NEW YORK — Comedian Dave Chappelle is headed back to TV with his first concert specials in a dozen years — two of them. Both premiere March 21, exclusively on Netflix.
The hour-long specials are from his personal vault. “Dave Chappelle: The Age of Spin” was filmed at The Palladium in Los Angeles in March 2016. “Dave Chappelle: Deep in the Heart of Texas” was filmed at the Moody Theater in Austin in April 2015.
He’s currently on the road in preparation for a third Netflix special.
Chappelle’s comedy career includes movie roles in “The Nutty Professor,” ”Con Air” and “Blue Streak.” In 2003, he achieved heightened fame and critical acclaim as the mastermind of his Comedy Central sketch series, “Chappelle’s Show,” only to abruptly exit the series in its third season.
DeGeneres returns to prime time for fun, games
LOS ANGELES — Ellen DeGeneres is coming back to prime time, this time for fun and games.
NBC said Thursday it has ordered six episodes of an hour-long show hosted and produced by DeGeneres. It will feature “supersized” versions of games played on her daytime talk show.
The new show, titled “Ellen’s Game of Games,” will pull contestants from the audience and give one a chance to win what NBC described as a “huge” cash prize.
In a statement, DeGeneres promised “gigantic sets” and hilarious games.
Before her successful move to daytime, DeGeneres starred in the prime-time sitcoms “Ellen” and “The Ellen Show.”
She’s also become a busy producer, with shows including “Little Big Shots” and its upcoming spin-off, “Little Big Shots: Forever Young.”
A debut date for “Ellen’s Game of Games” wasn’t announced.
McMurtry selling typewriters from ‘Lonesome Dove’
DALLAS — Larry McMurtry is selling the two typewriters he used to write his Pulitzer Prize-winning novel “Lonesome Dove.”
Heritage Auctions is offering up the typewriters in New York City next week.
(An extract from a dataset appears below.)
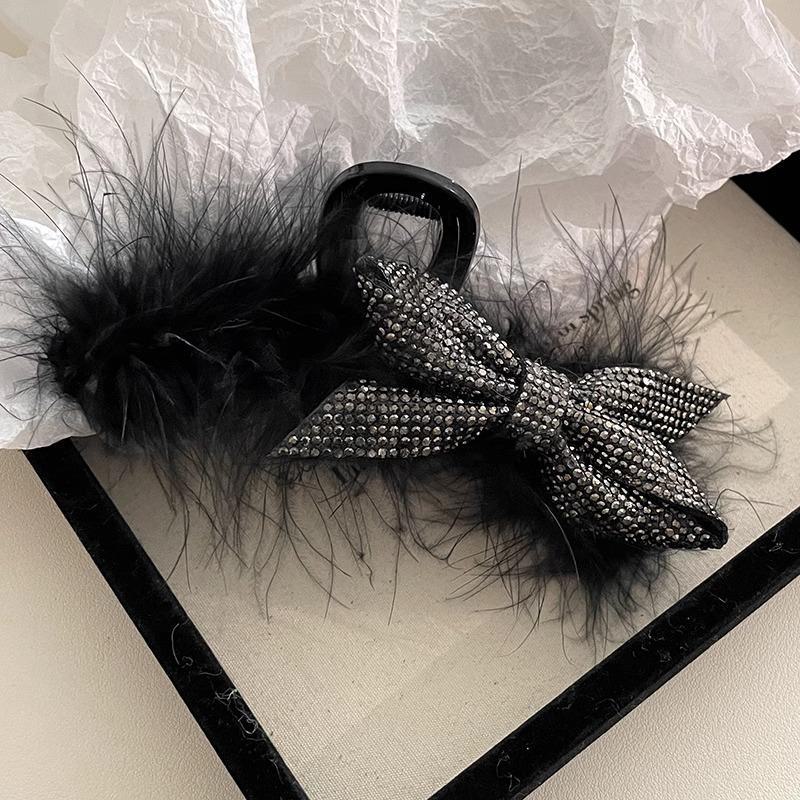 High-Grade Feather and Ostrich Hair Shark Clip for Autumn/Winter - Elegant Ponytail Headdress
The Dallas-based auction house expects them to sell Wednesday for about $20,000.
McMurtry told The Associated Press he “just decided that it would be fun” to sell them at auction, “and I actually have too many typewriters.”
The author and screenwriter said he still writes on a typewriter and has about 15 of them.
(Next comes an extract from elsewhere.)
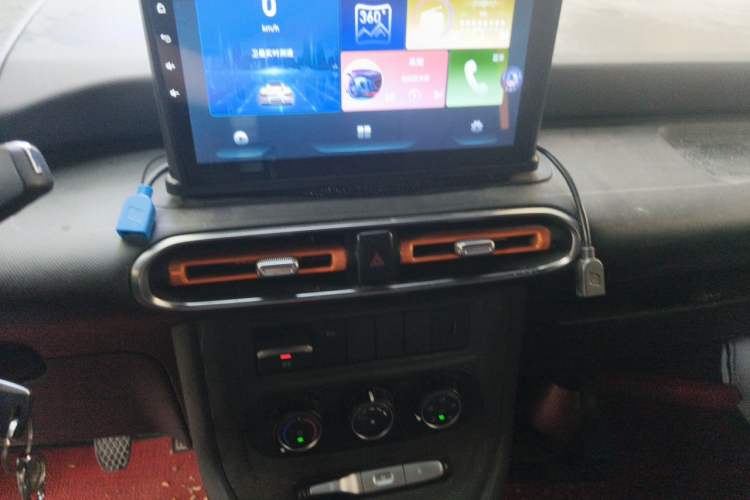 Used Dongfeng V7 2025 Model, 338 km Smart Leap Edition—Ningde 53.58 kWh Audio And AC Panel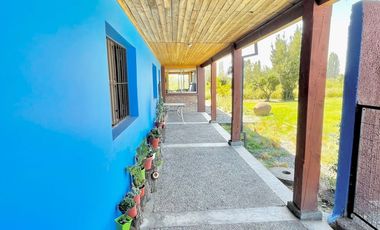 Se vende solida casa que deslinda con Carabinero de Sarmiento en Curicó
While writing “Lonesome Dove,” a tale of a cattle drive in the 1870s, he kept one typewriter in his hometown of Archer City, Texas, and the other in Washington, D.C. The 80-year-old now splits his time between Tucson, Arizona, and Archer City.
Court tosses murder case after Heston rant
PHILADELPHIA — A Philadelphia judge’s clash with the late actor Charlton Heston has indirectly led a U.S. appeals court to overturn a murder conviction.
The victim’s family had created a blog during the 1998 trial that quoted Heston, of “Ben-Hur” and “The Ten Commandments” fame, calling Judge Lisa Richette soft on crime. Heston had called her by the nickname “Let ‘em Loose Lisa” during a National Rifle Association speech that year in Philadelphia.
The blog prompted Richette to call the victim’s family to her chambers, with the prosecutor and defense lawyer but not the defendant on hand. She suggested that victim Mark Gibson’s family had slandered her, but then assured them she would try the case fairly.
She ultimately found defendant Paul McKernan guilty of first-degree murder and sent him to prison for life. McKernan had claimed self-defense in the baseball bat death.
In appeals over two decades, he argued that Richette had bent over backward to appease the Gibson family.
The 3rd U.S. Circuit Court last week called the late judge’s back-room conversation inappropriate and found the defense lawyer ineffective.
“Judge Richette’s actions would have caused any competent attorney to seek recusal immediately,” Circuit Judge Jane R. Roth wrote in a unanimous three-judge opinion.
Defense lawyer W. Fred Harrison Jr. did not immediately return a call for comment Thursday.
McKernan, after serving 20 years in prison, will be released unless the Philadelphia District Attorney decides to retry him. The case remains under review, a district attorney’s spokesman said.
“Our client is relieved that that the court after nearly 20 years recognizes that he did not receive a fair trial,” lawyer Maria Pulzetti of the Federal Community Defender Office, who handled the appeal, told The Philadelphia Inquirer.
Richette, who was considered flamboyant, a bit eccentric and something of a bleeding heart, died in 2007. She had attended Yale Law School and was the author of a well-regarded 1969 book on the juvenile justice system called “The Throwaway Children.”